There is actually no significant incentive to stake Hive.
3% APY is literally a joke for a halfway serious investor.
If you add the less than 10% APY that would accrue in a proper curation¹ in a decent and honest environment (neither of which apply to Hive), you'd come to (I'll be generous) a maximum of 15% APY for Hive staking.
That's not an incentive. It really isn't.
And 13 weeks for a powerdown (the topic has been discussed on Hive many times) is also completely out of the question in a highly dynamic environment.
Surely there will be understandable reasons why APY and powerdown are the way they are. But for me, as a small fish who looks at things from his ego perspective, it's clear that Hive staking is not a particularly smart way to grow into Hive. There are other (and possibly even better) alternatives.
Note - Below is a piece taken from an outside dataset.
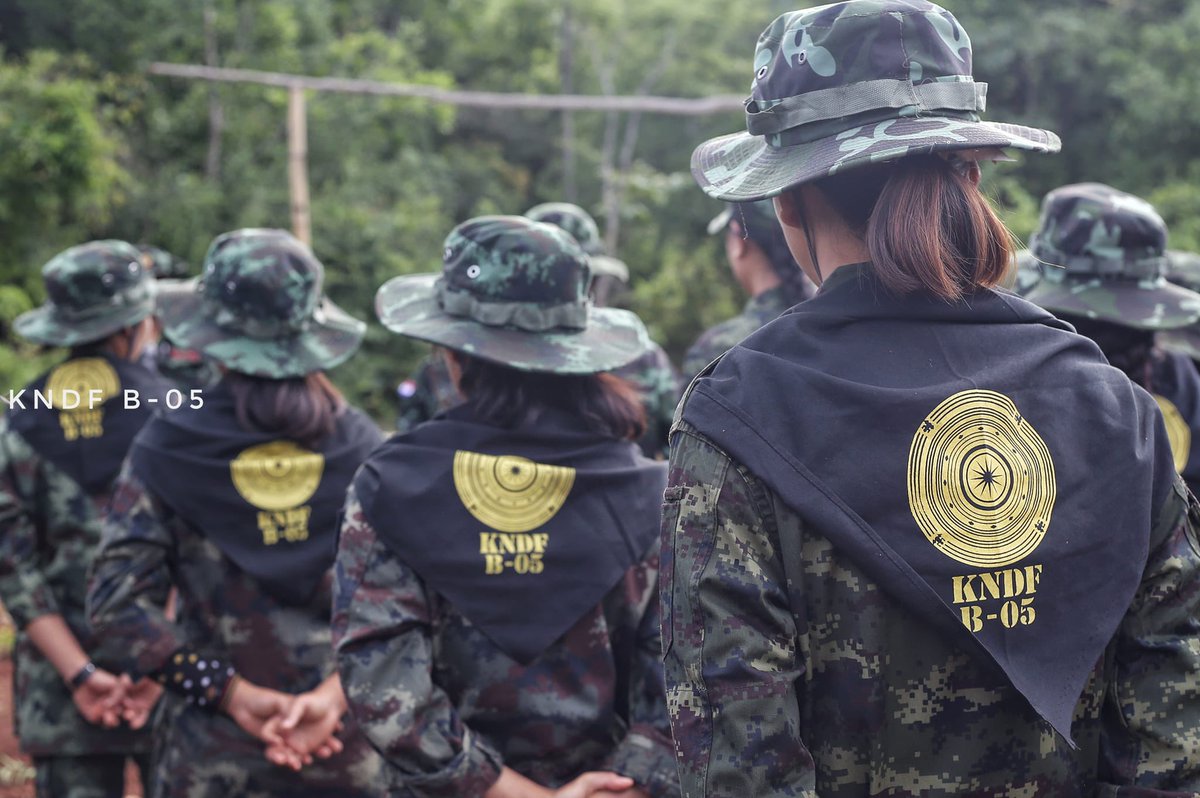 Kayah State's major anti-regime armed group, the Karenni Nationalities Defense Force (KNDF), turns one year old on Tuesday. It has waged war against junta forces in the state, preventing the regime from taking control there. #WhatsHappeningInMyanmar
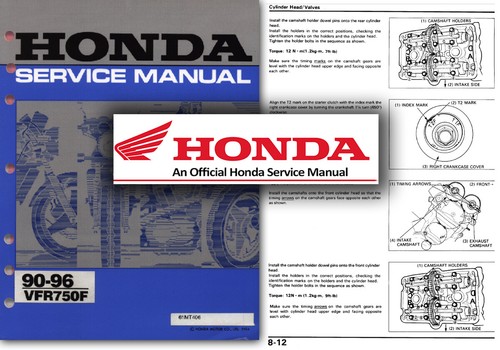 Honda vfr750f manuale - vfr750f, officina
¹ Mentioned only in an aside, but still referencable imho: https://www.1up.zone/@uyobong/usd3-12-worth-of-single-upvote-generated-from-7-hive-engine-tokens-no-3-is-shocking
I think you mention two strong points for the p-HBD-USDC liquidity pool on PolyCub, on Polygon. The APR is 28%, and the assets can be withdrawn instantly.
So better APR and better Liquidity. Plus there is $400,000 in Liquidity in the liquidity pool and growing, so it is attracting large volume traders slowly.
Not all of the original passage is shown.